-- Task objective --
Nothing but the text belongs in the answer: the listing below, copied exactly, without pictures.

Top of Dataset extract

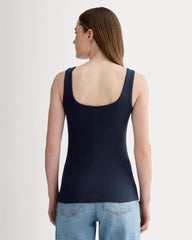 The Luxe Rib Square-Neck Tank | Navy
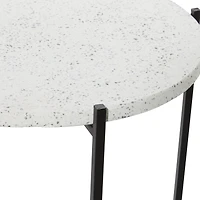 24" Black Contemporary Terrazzo Accent Table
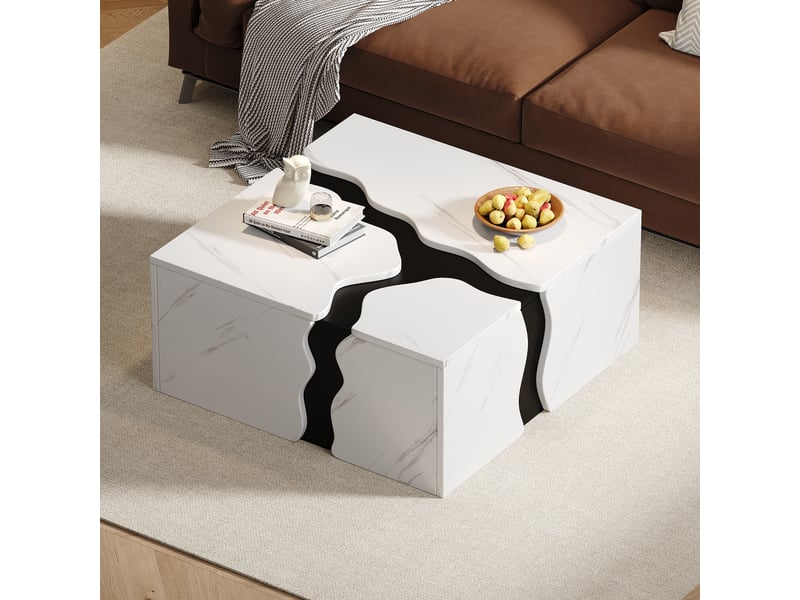  Table basse carrée 70x70 cm effet marbre, design géométrique cubique avec tiroir de rangement, blanc  - Conforama B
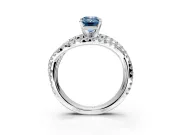 Solitaire Engagement Ring Setting for Fancy Blue Emerald Cut Center with Woven 3-Strand Pave Band and Prong Head in White Gold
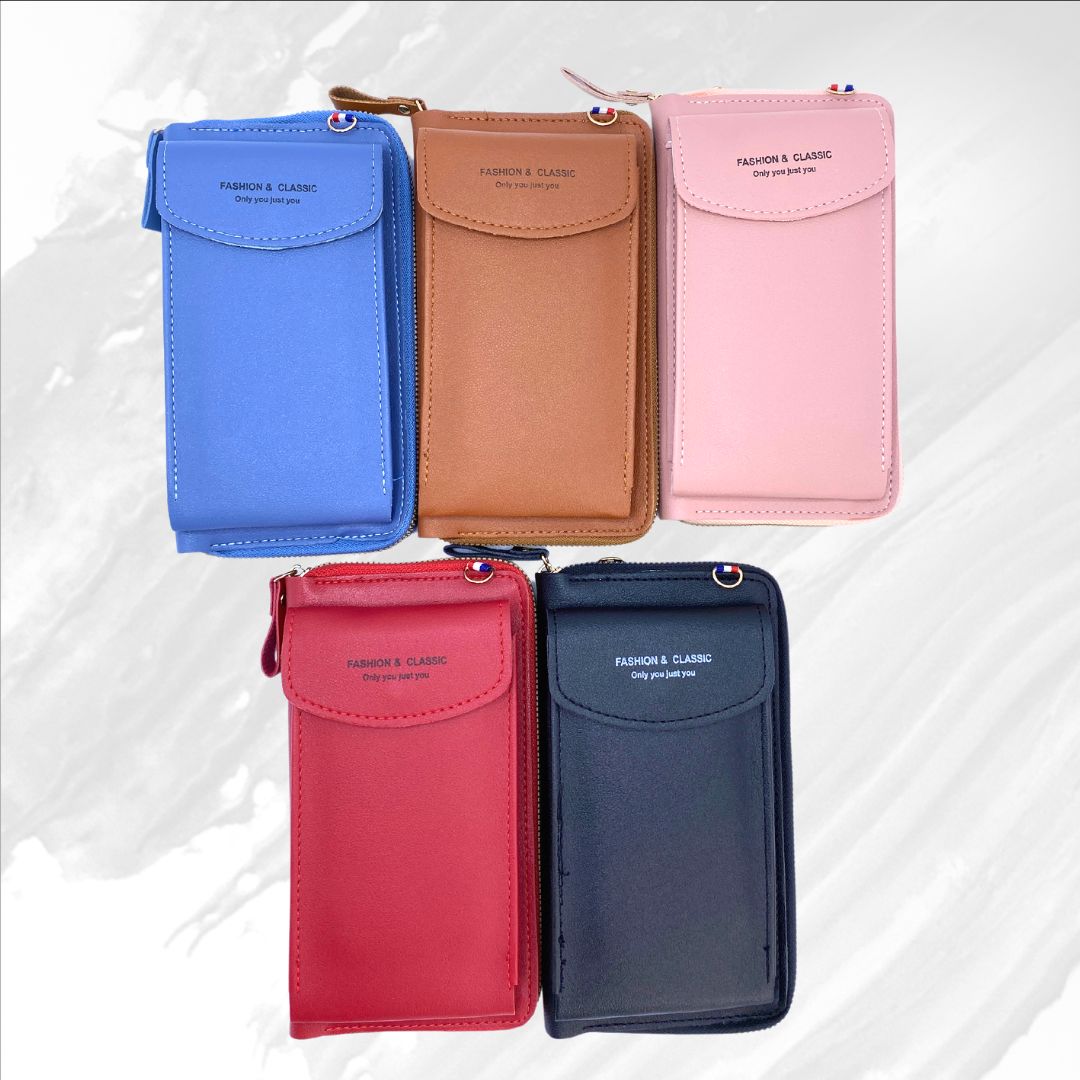 Bolso Lujo Porta Celular Multifunción hecho de cuero sintético, con varios compartimentos y bolsillo antirrobo.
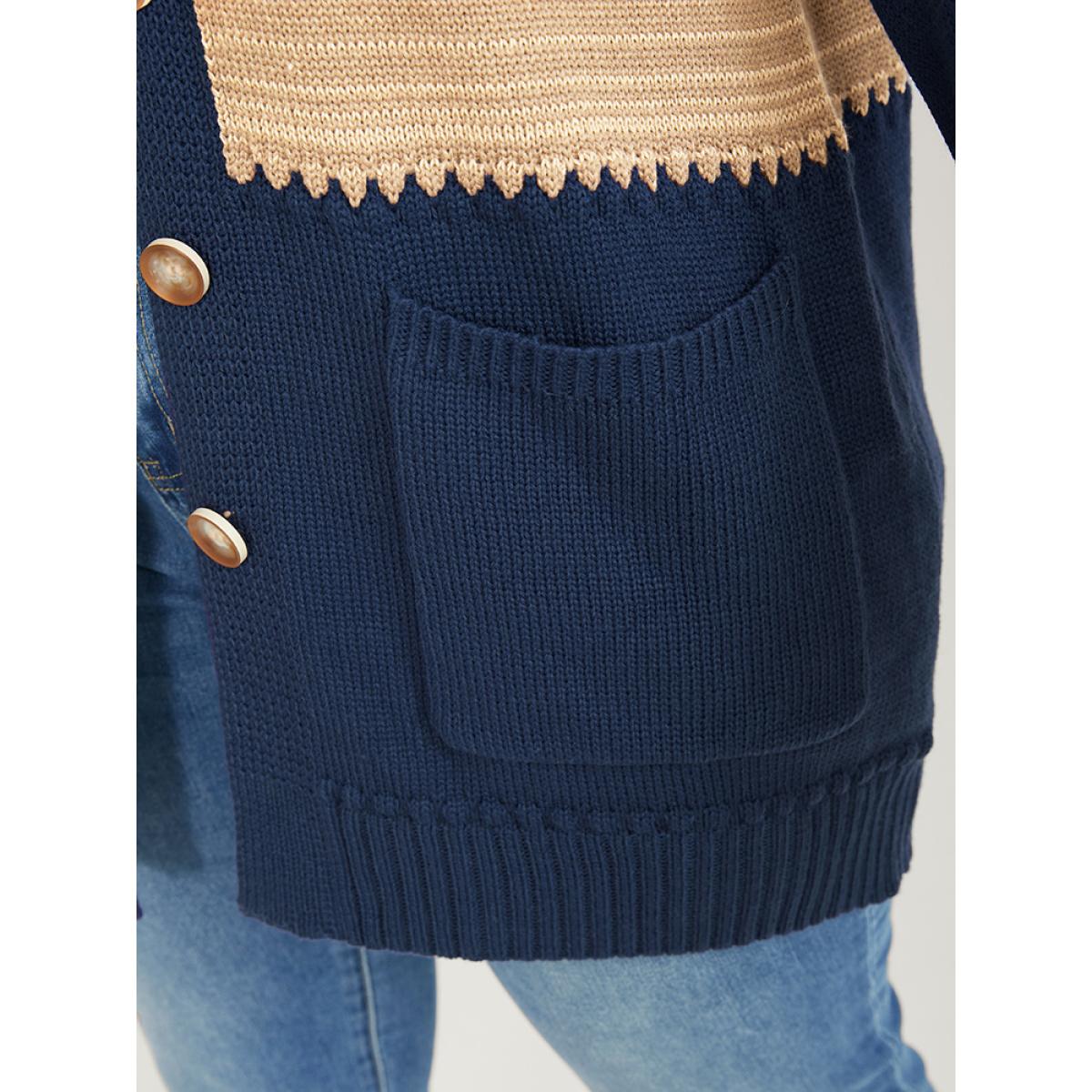 Plus Size Colorblock Contrast Pointelle Knit Pocket Jacquard Button Front Cardigan Multicolor Women Casual Loose Long Sleeve Dailywear Cardigans BloomChic 12/L Product Image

Bottom of Dataset extract

-- Exercise answer --
 The Luxe Rib Square-Neck Tank | Navy
 24" Black Contemporary Terrazzo Accent Table
  Table basse carrée 70x70 cm effet marbre, design géométrique cubique avec tiroir de rangement, blanc  - Conforama B
 Solitaire Engagement Ring Setting for Fancy Blue Emerald Cut Center with Woven 3-Strand Pave Band and Prong Head in White Gold
 Bolso Lujo Porta Celular Multifunción hecho de cuero sintético, con varios compartimentos y bolsillo antirrobo.
 Plus Size Colorblock Contrast Pointelle Knit Pocket Jacquard Button Front Cardigan Multicolor Women Casual Loose Long Sleeve Dailywear Cardigans BloomChic 12/L Product Image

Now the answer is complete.